O Tesouro brasileiro realizou na semana passada a primeira emissão externa de títulos em reais, captando o equivalente a US$ 1,5 bilhão. A demanda superou em muito esse valor, refletindo a queda na aversão ao risco dos investidores globais e seu apetite por títulos dos países emergentes. Outros países da América Latina, da Ásia e sobretudo da Europa Oriental também estão aproveitando a "janela de oportunidade".
Ao comprar o títulos em reais, o investidor estrangeiro corre o risco cambial, mas passa a deter um papel de dez anos que paga juros de 12,5% ao ano. Taxa que embute "spread" de 825 pontos-base sobre os títulos americanos de mesmo prazo, que pagam 4,25%. A taxa da captação brasileira está, portanto, muito acima do risco-país calculado pelo JP Morgan (em torno de 360 pontos), utilizado como referência nas captações em dólar, euro e iene.
Nove bancos brasileiros e a Eletropaulo já efetuaram operações semelhantes, captando US$ 1,2 bilhão. O volume de recursos é relativamente modesto e os prazos (dois a três anos), curtos pelos padrões internacionais. Espera-se que a captação da República defina um custo mínimo ("benchmark") e abra espaço para outras emissões em reais.
Essas operações parecem uma boa notícia para o mercado financeiro brasileiro. A principal vantagem é a eliminação do risco de desvalorização do real, que é transferido para o investidor externo. Além disso, a colocação dos títulos é pulverizada entre fundos de hedge, fundos dedicados a mercados emergentes, tesourarias de bancos e fundos gestores de grandes fortunas. Isso significa que novos investidores passam a financiar a dívida brasileira. A emissão pode, assim, contribuir para a redução das taxas de juros em reais, o alongamento do prazo da dívida pública e a redução de sua parcela denominada em moeda estrangeira.
À primeira vista, a emissão de títulos de dívida denominados na moeda dos países emissores no mercado de capitais internacional parece sinalizar um grande salto qualitativo dos mercados emergentes -qual seja, a superação da incapacidade de emitir dívida externa na moeda nacional, não-conversível (isto é, não negociada nos mercados internacionais). É essa incapacidade que faz com que esses países sejam vulneráveis às mudanças nos fluxos de capitais mundiais e que suas moedas estejam sujeitas a desvalorizações abruptas.
Porém, observando-se mais de perto, verifica-se que as operações não caracterizam tamanha mudança. As transações, embora denominadas em moeda nacional, serão liquidadas em dólar.
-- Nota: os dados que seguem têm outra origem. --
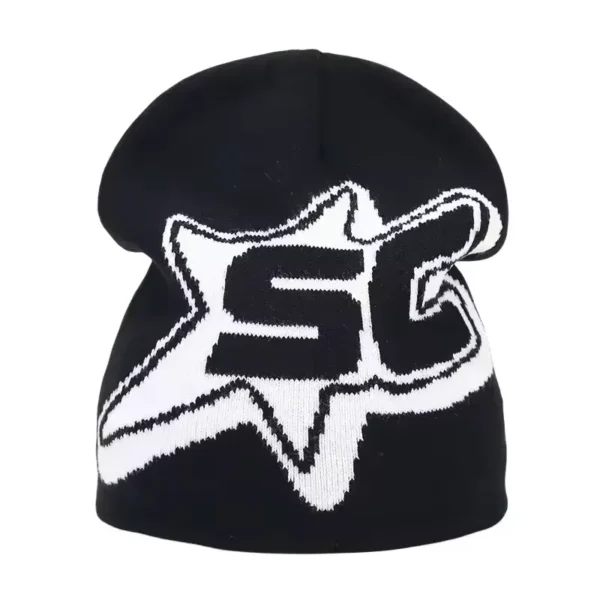 Un bonnet de ski pour homme noir, décoré d’un logo étoile blanche contrastant, parfait pour un style sobre et masculin en conditions hivernales.
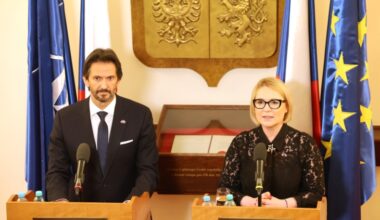 What is „our region“? Will Černochová trade the interests of the Czech Republic for those of Strnad?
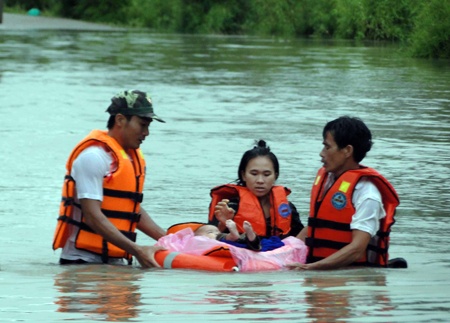 Hai hoc sinh dung cam cuu nguoi trong lu du hinh anh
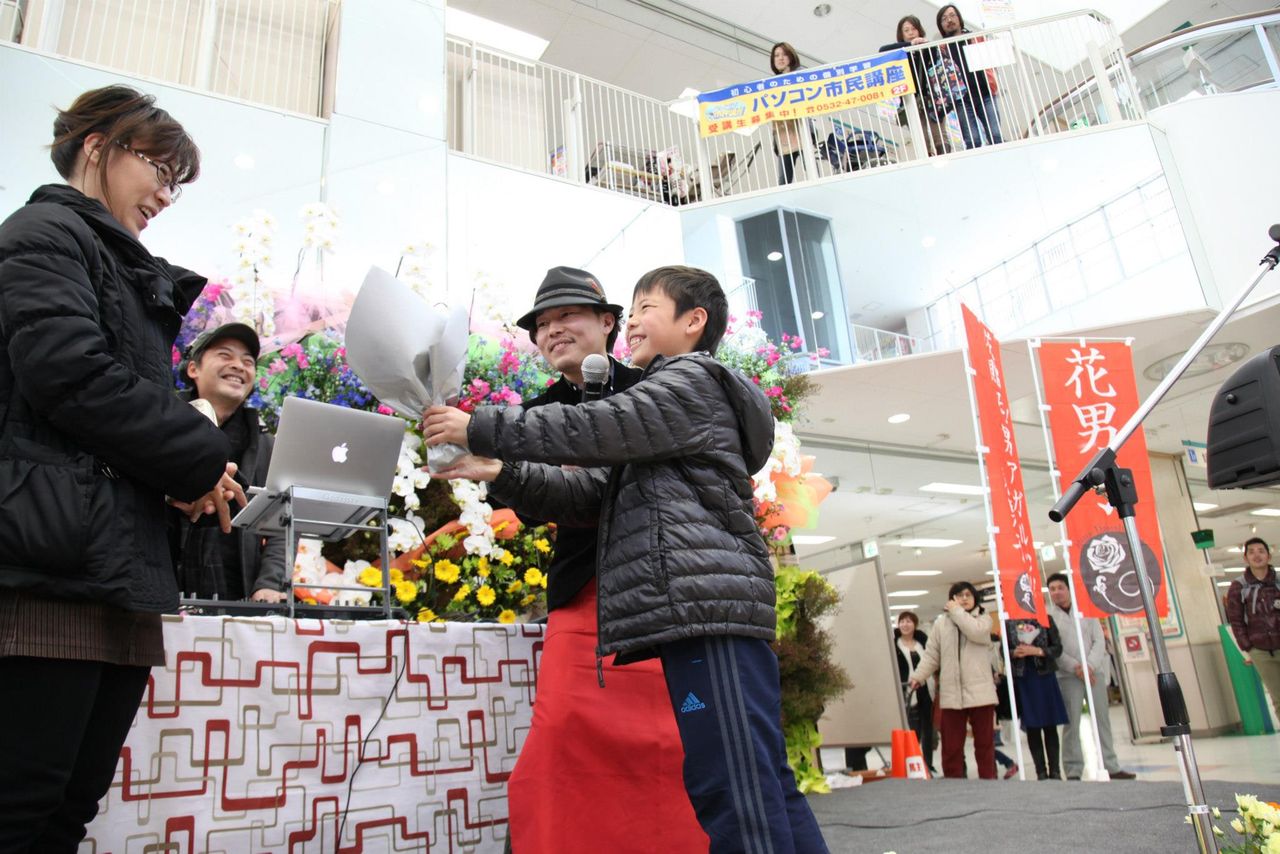 豊橋 花男子 日本一花を作るまちを日本一花を贈る町にする 井上貴至の 地域づくりは楽しい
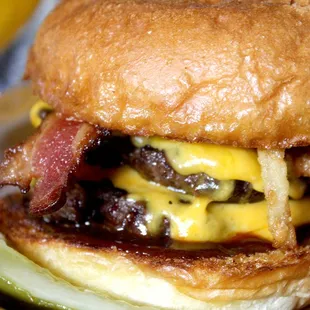 WESTERN BARBECUE BURGER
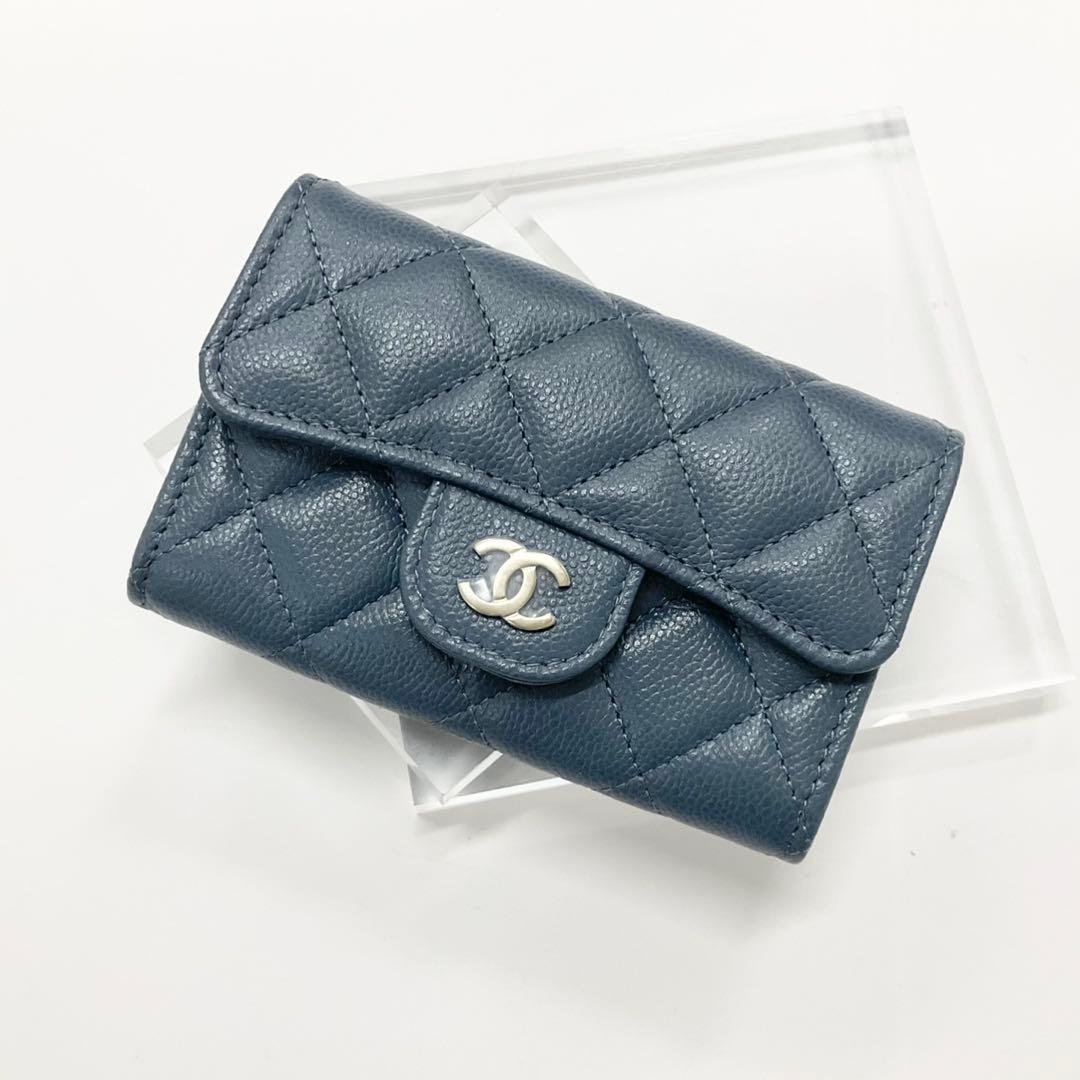 Chanel Quilted Caviar Leather CC Logo Card Case Coin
Parece evidente que essa nova modalidade de emissão somente se tornou viável devido ao contexto de abundante liquidez financeira internacional. Resta saber se esse novo tipo de ativo conseguirá resistir às flutuações dos mercados financeiros internacionais, ou se representará apenas uma oportunidade transitória. Tudo vai depender de o atual ciclo de liquidez global se revelar mais sustentado que os anteriores.